HOW TO COMPLETE THIS TASK » Search the data for "Green". Each line containing it is to be copied.

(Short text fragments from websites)
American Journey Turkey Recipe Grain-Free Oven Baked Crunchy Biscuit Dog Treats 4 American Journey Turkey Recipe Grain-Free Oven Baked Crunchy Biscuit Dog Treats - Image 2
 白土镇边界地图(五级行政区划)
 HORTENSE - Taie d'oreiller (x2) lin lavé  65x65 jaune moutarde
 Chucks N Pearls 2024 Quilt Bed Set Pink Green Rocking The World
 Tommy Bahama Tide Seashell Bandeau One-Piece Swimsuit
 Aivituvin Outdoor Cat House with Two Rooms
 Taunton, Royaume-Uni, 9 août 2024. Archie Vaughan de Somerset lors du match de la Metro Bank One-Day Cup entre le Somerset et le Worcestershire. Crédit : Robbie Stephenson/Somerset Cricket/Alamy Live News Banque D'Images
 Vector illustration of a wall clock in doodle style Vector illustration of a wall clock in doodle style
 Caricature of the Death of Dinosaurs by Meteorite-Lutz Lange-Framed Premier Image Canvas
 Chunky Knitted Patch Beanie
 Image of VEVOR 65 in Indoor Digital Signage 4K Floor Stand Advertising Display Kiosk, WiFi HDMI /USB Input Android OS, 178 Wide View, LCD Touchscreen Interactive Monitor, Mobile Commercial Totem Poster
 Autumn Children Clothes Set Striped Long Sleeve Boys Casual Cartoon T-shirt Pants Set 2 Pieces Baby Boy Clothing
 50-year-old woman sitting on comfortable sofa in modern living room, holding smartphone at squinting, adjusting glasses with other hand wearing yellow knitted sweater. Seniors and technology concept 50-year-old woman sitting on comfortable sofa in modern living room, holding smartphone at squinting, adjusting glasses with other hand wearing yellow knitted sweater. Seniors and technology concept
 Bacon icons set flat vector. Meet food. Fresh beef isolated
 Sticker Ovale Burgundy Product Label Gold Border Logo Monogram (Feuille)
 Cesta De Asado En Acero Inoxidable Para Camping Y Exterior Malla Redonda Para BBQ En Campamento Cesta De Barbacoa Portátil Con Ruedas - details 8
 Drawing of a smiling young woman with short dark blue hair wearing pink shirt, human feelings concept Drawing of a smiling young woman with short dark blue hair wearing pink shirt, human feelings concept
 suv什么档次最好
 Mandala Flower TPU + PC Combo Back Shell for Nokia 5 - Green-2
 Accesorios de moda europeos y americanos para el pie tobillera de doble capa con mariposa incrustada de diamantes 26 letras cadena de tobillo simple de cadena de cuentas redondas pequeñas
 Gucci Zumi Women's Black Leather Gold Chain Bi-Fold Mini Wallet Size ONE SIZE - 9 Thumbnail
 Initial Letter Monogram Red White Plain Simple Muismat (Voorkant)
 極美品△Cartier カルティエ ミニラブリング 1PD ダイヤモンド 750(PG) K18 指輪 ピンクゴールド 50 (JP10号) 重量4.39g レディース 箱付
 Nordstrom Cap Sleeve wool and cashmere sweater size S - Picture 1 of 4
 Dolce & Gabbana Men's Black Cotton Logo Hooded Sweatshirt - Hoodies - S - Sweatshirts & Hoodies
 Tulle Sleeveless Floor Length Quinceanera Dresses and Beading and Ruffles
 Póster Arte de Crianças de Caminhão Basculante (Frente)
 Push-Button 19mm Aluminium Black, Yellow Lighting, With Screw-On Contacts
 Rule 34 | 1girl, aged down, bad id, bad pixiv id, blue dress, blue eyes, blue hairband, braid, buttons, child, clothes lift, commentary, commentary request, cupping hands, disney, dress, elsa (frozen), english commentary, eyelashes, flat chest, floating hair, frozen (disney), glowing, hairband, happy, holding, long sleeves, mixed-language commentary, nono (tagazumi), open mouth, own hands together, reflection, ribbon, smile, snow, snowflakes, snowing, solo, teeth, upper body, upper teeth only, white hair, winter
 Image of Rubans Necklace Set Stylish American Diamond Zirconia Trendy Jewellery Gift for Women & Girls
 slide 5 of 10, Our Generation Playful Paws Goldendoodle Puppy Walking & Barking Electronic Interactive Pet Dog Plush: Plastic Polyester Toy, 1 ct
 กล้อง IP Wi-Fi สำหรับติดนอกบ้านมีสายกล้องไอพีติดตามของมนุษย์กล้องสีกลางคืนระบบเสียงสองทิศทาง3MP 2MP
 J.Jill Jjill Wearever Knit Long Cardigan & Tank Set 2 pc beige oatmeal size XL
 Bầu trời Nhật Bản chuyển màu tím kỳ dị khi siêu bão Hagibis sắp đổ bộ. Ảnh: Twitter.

RESPONSE TO THE EXERCISE »
 Chucks N Pearls 2024 Quilt Bed Set Pink Green Rocking The World
 Mandala Flower TPU + PC Combo Back Shell for Nokia 5 - Green-2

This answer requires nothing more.